Trans Alaska Pipeline

"The 800-mile-long Trans Alaska Pipeline System (TAPS) is one of the largest pipeline systems in the world. It stretches from Prudhoe Bay on Alaska’s North Slope, through rugged and beautiful terrain, to Valdez, the northernmost ice-free port in North America. Since pipeline startup in 1977, Alyeska Pipeline Service Company, the operator of TAPS, has successfully transported over 15 billion barrels of oil." [1]

Offshore Drilling

On November 1, 2001, then Interior Secretary Gale Norton and her senior advisor for Alaska affairs, former Alaska State Senator and oil industry insider, Drue Pearce, announced that "the first oil from federal waters off Alaska" had been produced "at the BP Exploration Northstar project," which "became the first outer continental shelf development project since federal offshore leasing began in 1976 off Alaska" and is "the first buried subsea pipeline in the Arctic to be used for full-time production. The pipeline is buried 7-11 feet below the seafloor to avoid ice impacts." [2]

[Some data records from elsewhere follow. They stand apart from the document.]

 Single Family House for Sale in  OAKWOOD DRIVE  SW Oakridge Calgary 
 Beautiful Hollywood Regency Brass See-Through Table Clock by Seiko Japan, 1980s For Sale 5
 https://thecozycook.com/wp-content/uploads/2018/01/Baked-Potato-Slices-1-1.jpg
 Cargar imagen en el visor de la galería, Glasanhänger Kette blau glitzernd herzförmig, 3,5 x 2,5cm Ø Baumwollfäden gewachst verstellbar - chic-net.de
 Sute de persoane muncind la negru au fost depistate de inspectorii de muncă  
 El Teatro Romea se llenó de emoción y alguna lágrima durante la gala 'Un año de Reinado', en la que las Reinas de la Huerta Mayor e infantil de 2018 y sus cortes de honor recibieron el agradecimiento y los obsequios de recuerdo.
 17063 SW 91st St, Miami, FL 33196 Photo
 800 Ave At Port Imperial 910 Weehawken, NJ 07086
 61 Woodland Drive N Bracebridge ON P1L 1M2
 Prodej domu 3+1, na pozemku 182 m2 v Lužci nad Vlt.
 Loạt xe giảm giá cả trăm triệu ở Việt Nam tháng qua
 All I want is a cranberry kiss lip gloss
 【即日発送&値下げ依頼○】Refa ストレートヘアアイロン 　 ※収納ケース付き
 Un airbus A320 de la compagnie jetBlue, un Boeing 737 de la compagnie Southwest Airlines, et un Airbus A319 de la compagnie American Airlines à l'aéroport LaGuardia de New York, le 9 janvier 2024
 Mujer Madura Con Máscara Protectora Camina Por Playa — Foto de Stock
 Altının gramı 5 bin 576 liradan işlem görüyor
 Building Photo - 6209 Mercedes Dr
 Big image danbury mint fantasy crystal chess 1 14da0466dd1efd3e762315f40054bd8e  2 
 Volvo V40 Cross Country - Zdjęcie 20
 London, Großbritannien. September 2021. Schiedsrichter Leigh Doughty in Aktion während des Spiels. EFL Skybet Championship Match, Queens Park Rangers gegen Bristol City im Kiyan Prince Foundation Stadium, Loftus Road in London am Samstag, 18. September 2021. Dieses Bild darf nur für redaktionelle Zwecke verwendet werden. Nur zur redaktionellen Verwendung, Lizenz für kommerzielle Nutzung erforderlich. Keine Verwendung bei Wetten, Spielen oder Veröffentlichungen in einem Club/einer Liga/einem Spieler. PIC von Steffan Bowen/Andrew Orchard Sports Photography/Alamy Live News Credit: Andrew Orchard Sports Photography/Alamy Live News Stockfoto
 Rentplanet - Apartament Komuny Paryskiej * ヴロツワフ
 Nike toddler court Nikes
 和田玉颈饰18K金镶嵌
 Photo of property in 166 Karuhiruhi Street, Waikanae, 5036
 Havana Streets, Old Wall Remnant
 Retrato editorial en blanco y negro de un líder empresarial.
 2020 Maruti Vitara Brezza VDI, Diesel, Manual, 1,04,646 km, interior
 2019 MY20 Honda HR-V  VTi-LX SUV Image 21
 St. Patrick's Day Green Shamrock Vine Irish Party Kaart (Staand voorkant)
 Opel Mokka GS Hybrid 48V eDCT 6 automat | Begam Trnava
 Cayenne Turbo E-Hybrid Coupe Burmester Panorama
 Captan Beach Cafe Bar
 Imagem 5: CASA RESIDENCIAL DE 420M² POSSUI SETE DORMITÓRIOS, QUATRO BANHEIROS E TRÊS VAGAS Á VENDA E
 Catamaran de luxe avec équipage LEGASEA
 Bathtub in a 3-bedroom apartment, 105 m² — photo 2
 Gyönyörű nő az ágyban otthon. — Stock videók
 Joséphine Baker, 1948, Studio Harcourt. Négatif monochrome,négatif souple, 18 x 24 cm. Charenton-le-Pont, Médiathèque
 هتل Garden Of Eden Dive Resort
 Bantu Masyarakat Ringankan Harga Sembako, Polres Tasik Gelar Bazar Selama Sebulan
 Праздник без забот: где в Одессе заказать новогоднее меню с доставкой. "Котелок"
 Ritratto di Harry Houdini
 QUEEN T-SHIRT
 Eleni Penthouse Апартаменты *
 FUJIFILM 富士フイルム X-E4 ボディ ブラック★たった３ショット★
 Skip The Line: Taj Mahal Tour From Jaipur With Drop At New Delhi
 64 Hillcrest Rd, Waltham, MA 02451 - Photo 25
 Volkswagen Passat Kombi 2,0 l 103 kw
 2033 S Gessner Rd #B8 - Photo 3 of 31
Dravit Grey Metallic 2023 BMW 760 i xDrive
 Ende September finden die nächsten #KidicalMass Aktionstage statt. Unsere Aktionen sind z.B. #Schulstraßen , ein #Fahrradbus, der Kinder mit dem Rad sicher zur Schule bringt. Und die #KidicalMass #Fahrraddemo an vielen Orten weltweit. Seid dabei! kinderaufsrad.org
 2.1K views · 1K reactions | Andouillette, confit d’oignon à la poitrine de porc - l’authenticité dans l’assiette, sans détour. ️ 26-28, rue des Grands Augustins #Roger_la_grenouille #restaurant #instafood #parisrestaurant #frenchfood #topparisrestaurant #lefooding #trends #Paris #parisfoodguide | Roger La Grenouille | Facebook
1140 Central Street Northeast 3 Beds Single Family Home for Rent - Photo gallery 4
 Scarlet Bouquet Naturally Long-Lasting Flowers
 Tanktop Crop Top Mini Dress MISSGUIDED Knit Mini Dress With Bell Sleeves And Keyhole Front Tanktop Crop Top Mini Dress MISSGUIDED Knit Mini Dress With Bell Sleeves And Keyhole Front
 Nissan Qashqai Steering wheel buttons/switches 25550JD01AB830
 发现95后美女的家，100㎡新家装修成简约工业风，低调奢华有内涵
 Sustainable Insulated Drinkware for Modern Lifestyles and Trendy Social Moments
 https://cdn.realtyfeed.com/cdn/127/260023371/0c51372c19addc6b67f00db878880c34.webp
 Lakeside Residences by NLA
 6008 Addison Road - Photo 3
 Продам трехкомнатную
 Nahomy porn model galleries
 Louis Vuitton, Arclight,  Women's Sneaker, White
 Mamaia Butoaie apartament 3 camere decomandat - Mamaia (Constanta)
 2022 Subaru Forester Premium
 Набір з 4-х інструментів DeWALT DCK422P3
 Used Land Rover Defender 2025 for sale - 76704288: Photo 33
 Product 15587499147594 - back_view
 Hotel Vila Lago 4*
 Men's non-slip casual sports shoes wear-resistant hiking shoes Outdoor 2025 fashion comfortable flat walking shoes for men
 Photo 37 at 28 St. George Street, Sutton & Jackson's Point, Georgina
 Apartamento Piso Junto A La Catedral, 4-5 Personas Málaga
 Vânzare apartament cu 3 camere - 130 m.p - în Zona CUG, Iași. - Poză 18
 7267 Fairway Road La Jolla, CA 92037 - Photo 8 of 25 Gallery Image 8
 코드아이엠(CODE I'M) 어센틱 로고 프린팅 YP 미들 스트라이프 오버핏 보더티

"The Northstar project is a federal-state unit located about 12 miles northwest of Prudhoe Bay in the Alaskan Beaufort Sea and includes three federal and five state leases. About 16 percent of the Northstar reserves are allocated to federal leases and would represent approximately $120 million in federal royalty in future years. The federal leases are also within the OCS boundaries that entitle the state of Alaska to receive 27 percent of federal revenues. BP holds a 98 percent working interest in the field. Murphy Oil Corporation holds a 2 percent working interest." [3]

Norton said that the project was "calculated to produce 175 million barrels of oil – enough energy to fuel nearly 1 million American automobiles for six years." [4]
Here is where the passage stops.